Trippi comes closer to the truth when he talks about Romney.

Most plainly, there is the media’s antipathy to the kind of disciplined, unspontaneous, inaccessible campaign that Romney is running. Also to the fact that, hey, let’s face it, he’s not exactly a Roman candle of a candidate. Then there is the temperamental gorge that separates him from most journalists. “Reporters are the kids in the back of the classroom, throwing spitballs,” says Lewis. “McCain would be sitting back there, too, saying, ‘I’m not listening to this B.S.,’ and so would Gingrich. Romney is the guy sitting up in front, raising his hand to every question. Reporters listen to Arcade Fire; Romney listens to the Carpenters and Donny and Marie.”

The suspicion of Romney is even deeper than that, however. Ever since his run in 2008, when his contortions on various issues earned him his reputation as an inveterate flip-flopper, the members of the ­media—and his rivals, then and ­today—have regarded him as a phony, his candidacy based on, as Smith puts it, “some ­really brittle half-truths about his consistency.” But now there is a creeping sense that he may be something worse; that on a range of issues, notably his finances, Romney is making claims that may be less than fully truthful.

But, again, it’s not that Romney is a liar.

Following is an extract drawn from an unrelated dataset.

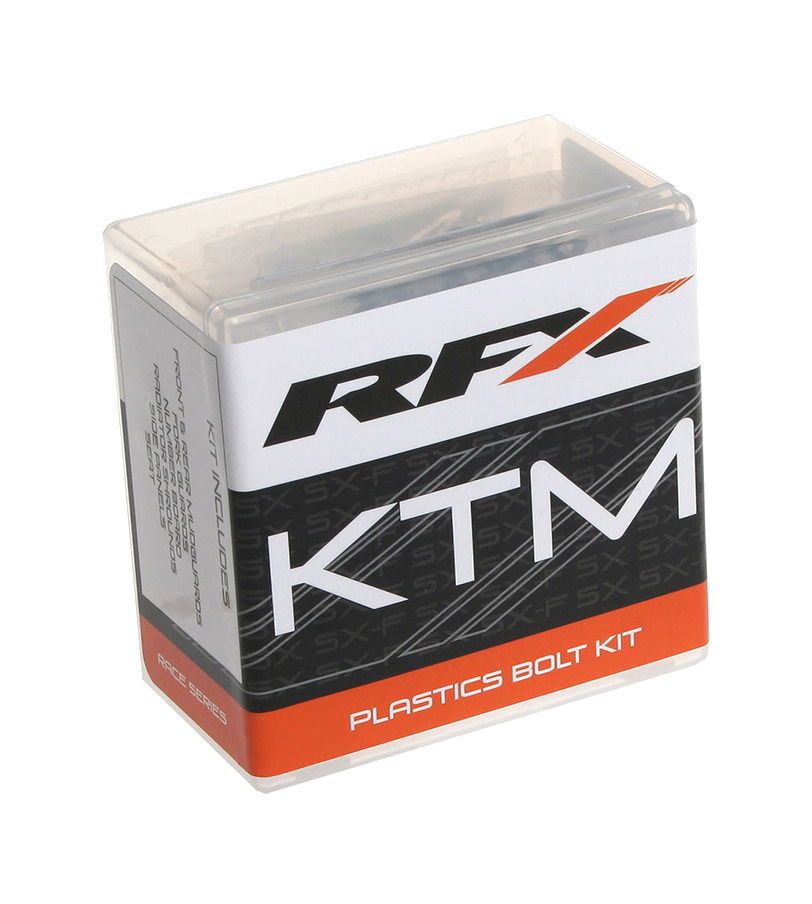 kit de tornillería para plásticos race series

Newt Gingrich may be the most accomplished liar in the entire country. Romney’s bigger problem is that he treats reporters as the enemy, denies them access, probably doesn’t feed them all that well, and doesn’t make their jobs easier. On top of that, the press corp can’t relate to his personal biography. They may have skipped the Vietnam War, but they didn’t do it knocking on doors in France as a Mormon missionary. They may admire personal wealth, but not really so much when the fortune is made as a vulture capitalist. And Romney doesn’t tell any bawdy jokes.

The press may be pulling for Gingrich to stay in the race and do lasting damage to Romney, but it’s not because they like Gingrich or strictly because they want to sell papers or get page-views. They just don’t like Mitt. He’s given them no reason to like him.